Throughout a migration operation, `gh-ost` is either actively copying and applying data, or is _throttling_.
When _throttled_, `gh-ost` ceases to write row data and ceases to inspect binary log entries. It pauses all writes except for the low-volume changelog status writes and the heartbeat writes.
As compared with trigger-based solutions, when `gh-ost` is throttled, the write load on the master is truly removed.
Typically, throttling is based on replication lag or on master load. At such time, you wish to reduce load from master and from replication by pausing the _ghost_ writes. However, with a trigger based solution this is impossible to achieve: the triggers must remain in place and they continue to generate excess writes while the table is being used.
Since `gh-ost` is not based on triggers, but of reading binary logs, it controls its own writes. Each and every write on the master comes from the `gh-ost` app, which means `gh-ost` is able to reduce writes to a bare minimum when it wishes so.
`gh-ost` supports various means for controlling throttling behavior; it is operations friendly in that it allows the user greater, dynamic control of throttler behavior.
### Throttling parameters and factors
Throttling is controlled via the following explicit and implicit factors:
#### Replication-lag
The recommended way of running `gh-ost` is by connecting it to a replica. It will figure out the master by traversing the topology. It is by design that `gh-ost` is throttle aware: it generates its own _heartbeat_ mechanism; while it is running the migration, it is self-checking the replica to which it is connected for replication lag.
Otherwise you may specify your own list of replica servers you wish it to observe.
-`--throttle-control-replicas`: list of replicas you explicitly wish `gh-ost` to check for replication lag.
-`--max-lag-millis`: maximum allowed lag; any controlled replica lagging more than this value will cause throttling to kick in. When all control replicas have smaller lag than indicated, operation resumes.
-`--replication-lag-query`: `gh-ost` will, by default, issue a `show slave status` query to find replication lag. However, this is a notoriously flaky value. If you're using your own `heartbeat` mechanism, e.g. via [`pt-heartbeat`](https://www.percona.com/doc/percona-toolkit/2.2/pt-heartbeat.html), you may provide your own custom query to return a single `int` value indicating replication lag.
Example: `--replication-lag-query="SELECT ROUND(NOW() - MAX(UNIX_TIMESTAMP(ts))) AS lag FROM mydb.heartbeat"`
- When provided, the `--throttle-query` is expected to return a scalar integer. A return value `> 0` implies `gh-ost` should throttle. A return value `<= 0` implied `gh-ost` is free to proceed (pending other throttling factors).
An example query could be: `--throttle-query="select hour(now()) between 8 and 17"` which implies throttling auto-starts `8:00am` and migration auto-resumes at `18:00pm`.
In addition to the above, you are able to take control and throttle the operation any time you like.

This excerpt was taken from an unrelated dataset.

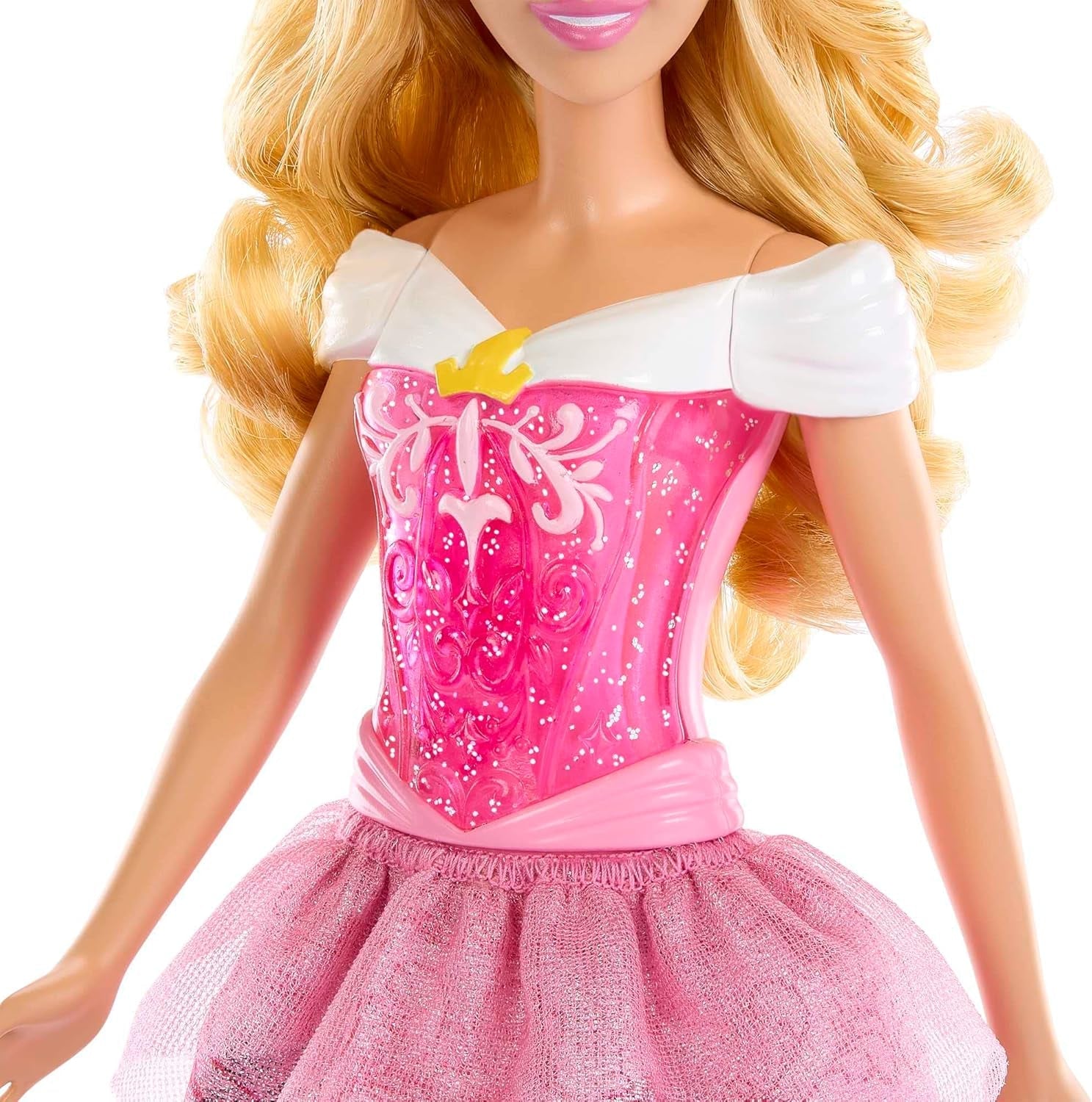 Mattel DISNEY Principessa Aurora - Bambola con abito iconico, scarpe e tiara staccabili, top scintillante e gonna fantasia staccabile, capelli lunghi per lo styling, HLW09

-`--throttle-flag-file`: when this file exists, throttling kicks in. Just `touch` the file to begin throttling.
-`--throttle-additional-flag-file`: similar to the above. When this file exists, throttling kicks in.
Default: `/tmp/gh-ost.throttle`
The reason for having two files has to do with the intent of being able to run multiple migrations concurrently.
The setup we wish to use is that each migration would have its own, specific `throttle-flag-file`, but all would use the same `throttle-additional-flag-file`. Thus, we are able to throttle specific migrations by touching their specific files, or we are able to throttle all migrations at once, by touching the shared file.
-`throttle` command via [interactive interface](interactive-commands.md).
Any single factor in the above that suggests the migration should throttle - causes throttling. That is, once some component decides to throttle, you cannot override it; you cannot force continued execution of the migration.
`gh-ost` will first check the low hanging fruits: user commanded; throttling files. It will then proceed to check replication lag, then status thesholds, and lastly it will check the throttle-query.
Throttling time is limited by the availability of the binary logs. When throttling begins, `gh-ost` suspends reading the binary logs, and expects to resume reading from same binary log where it paused.
Your availability of binary logs is typically determined by the [expire_logs_days](dev.mysql.com/doc/refman/5.6/en/server-system-variables.html#sysvar_expire_logs_days) variable. If you have `expire_logs_days = 10` (or check `select @@global.expire_logs_days`), then you should be able to throttle for up to `10` days.
Having said that, throttling for so long is far fetching, in that the `gh-ost` process itself must be kept alive during that time; and the amount of binary logs to process once it resumes will potentially take days to replay.
It is worth mentioning that some deployments have external scheduled scripts that purge binary logs, regardless of the `expire_logs_days` configuration. Please verify your own deployment configuration.
To clarify, you only need to keep binary logs on the single server `gh-ost` connects to.